Ashton Collins - Save Face

Ashton Collins is the Director of Save Face, a national, PSA accredited register of non-surgical cosmetic practitioners. She set up the register in 2014 to help people seeking cosmetic treatments navigate their way to a safe pair of hands. Here, she outlines the dangers of getting a cosmetic procedure from an unqualified practitioner and why she supports a new qualification from the QCCP and RSPH, that trains healthcare professionals to carry out cosmetic treatments.

Save Face is the largest voluntary register of regulated healthcare professionals providing non-surgical cosmetic procedures in the United Kingdom and Ireland. The first of its kind to be accredited by The Professional Standards Authority.

The provision of Non-surgical Cosmetic procedures is largely unregulated in the United Kingdom. The public can access services from anybody, in any environment and there is no standard of training or qualification required. In 2013 a report commissioned by the government identified the risks to the public and made recommendations. Subsequently, Health Education England conducted a wide scale review of education and training standards and recommended regulated qualifications.

The training landscape has remained diverse, with no recognised standard, very few regulated providers and a great deal of unscrupulous and misleading claims made in marketing. If training and certification can be provided without any regulation and oversight, the public have no hope of knowing who has been trained to safely and competently deliver their treatments. People seeking training can be exploited, paying a great deal of money only to find they have not been trained as promised, to access safe products and practice safely.

Save Face is concerned with both practitioner and public safety. In 2019 we received 1,617 complaints from members of the public and 86% of them had received treatments from beauticians, hairdressers or lay-people. The common factors clearly indicate the fundamental knowledge required to be safe and competent is not demonstrated.
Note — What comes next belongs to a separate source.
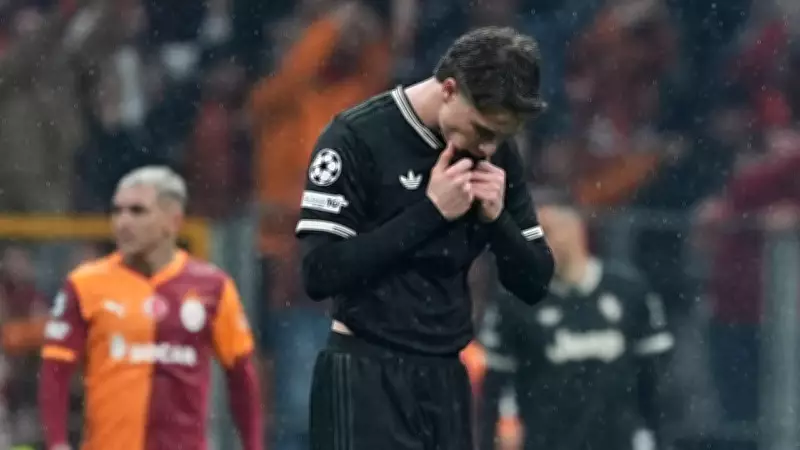 Juventus, Como'ya 2-0 Yenilerek Serie A'da Büyük Şok Yaşadı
Save Face welcomes a qualification that examines against a standardised competency framework designed to ensure the public can identify practitioners who have the range of knowledge required to deliver safe treatments and manage risks. For the first time, training providers can design appropriate courses covering an essential curriculum and achieve centre recognition from the RSPH. Those wishing to undertake training will be able to expect a quality standard from approved centres and can achieve a regulated qualification which the public can recognise and trust.